The group ownership of any file created is the same of the group owner of the parent directory. In most cases, this group is analytics-privatedata-users.
See: https://hadoop.apache.org/docs/r2.10.2/hadoop-project-dist/hadoop-hdfs/HdfsPermissionsGuide.html#Overview for reference about the group inheritance.
When a file or directory is created, its owner is the user identity of the client process, and its group is the group of the parent directory (the BSD rule).
The permissions of the generated files are governed by the umask of the process. We have a default umask of 027 set in /etc/hadoop/conf/core-site.xml
<name>fs.permissions.umask-mode</name> <value>027</value>
This means that files are readable by other members of the group, which is as intended.
In addition to this, each Airflow instance has its own corresponding Kerberos principal, which are as follows:
btullis@krb1001:~$ sudo kadmin.local list_principals|egrep 'airflow|analytics/an-launcher1002' analytics-platform-eng/an-airflow1004.eqiad.wmnet@WIKIMEDIA analytics-product/an-airflow1006.eqiad.wmnet@WIKIMEDIA analytics-research/an-airflow1002.eqiad.wmnet@WIKIMEDIA analytics-search/an-airflow1001.eqiad.wmnet@WIKIMEDIA analytics-search/an-airflow1005.eqiad.wmnet@WIKIMEDIA analytics-wmde/an-airflow1007.eqiad.wmnet@WIKIMEDIA analytics/an-launcher1002.eqiad.wmnet@WIKIMEDIA
When migrating Airflow to Kubernetes, we need to ensure that we maintain compatibility with this system, so that DAGs can continue to interact with Hadoop and HDFS in the same way that they do now.

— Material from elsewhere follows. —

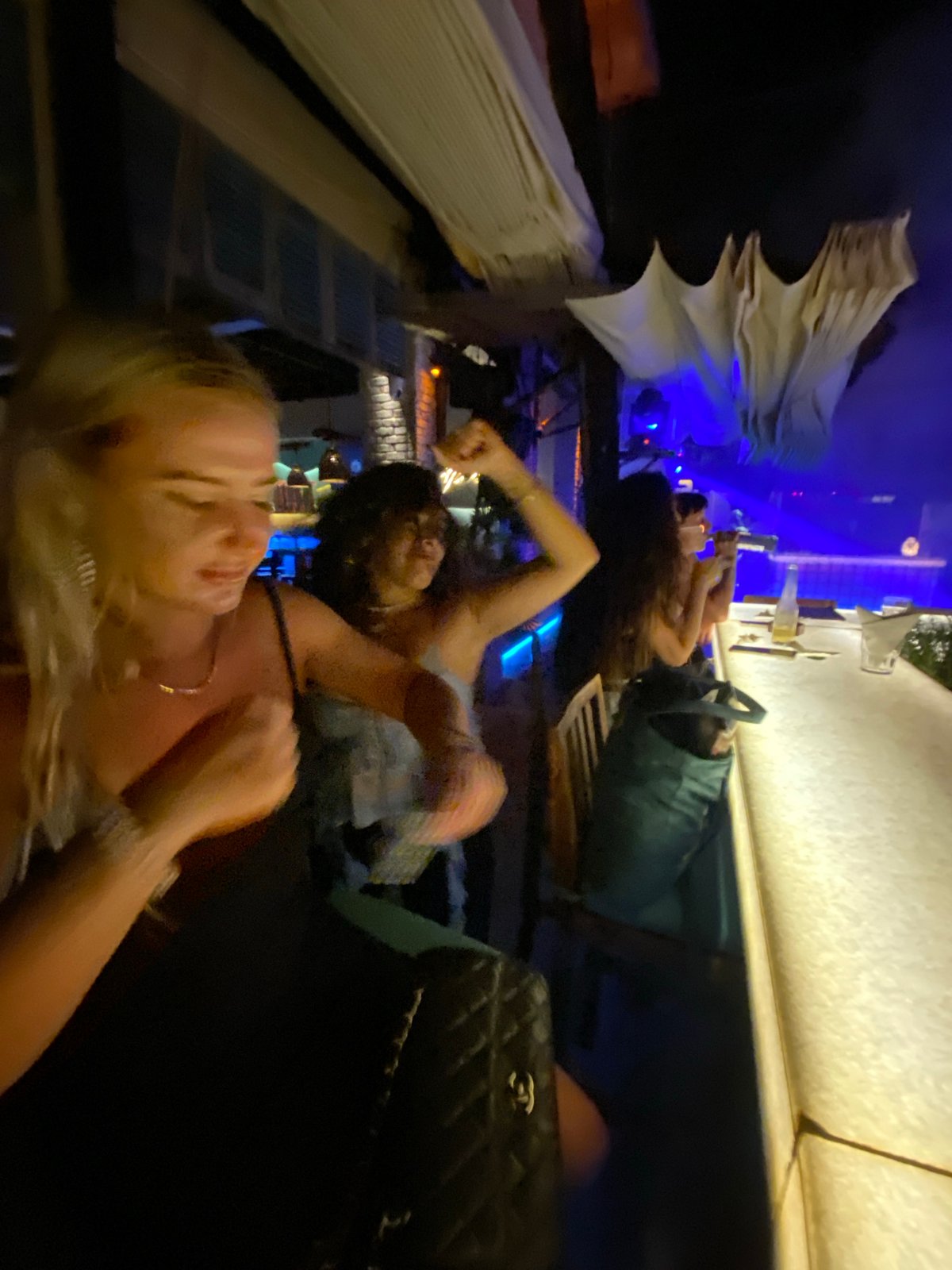 Evening social gathering at tropical-themed nightclub in Vietnam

We will be using the KubernetesExecutor, which means that it will only be the pods executed in the context of this executor that need to have the correct credentials configured.
The scheduler itself will not need to be running as the system user, since it will not be interacting with HDFS or any Hadoop services directly.

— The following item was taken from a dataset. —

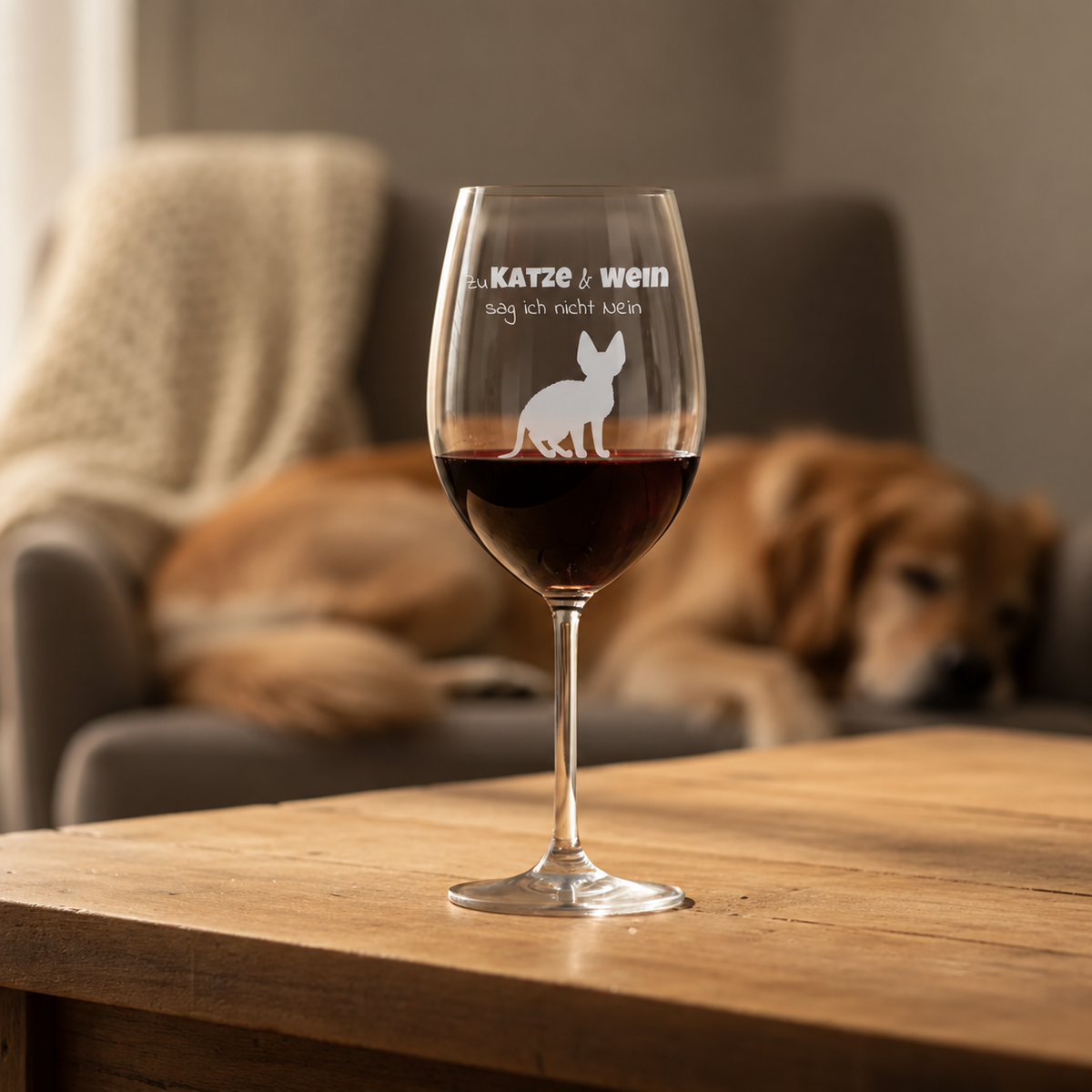 Copa de vino personalizada con frase grabada y gato, llena de vino tinto sobre una mesa de madera.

This task is about deciding on a suitable method and implementing it.
There are some useful resources to consider:
- https://airflow.apache.org/docs/apache-airflow/stable/security/workload.html#impersonation
- https://airflow.apache.org/docs/apache-airflow/stable/security/kerberos.html#hadoop
This work will cross over with on T375871: Integrate Airflow with Kerberos and its sub-tasks.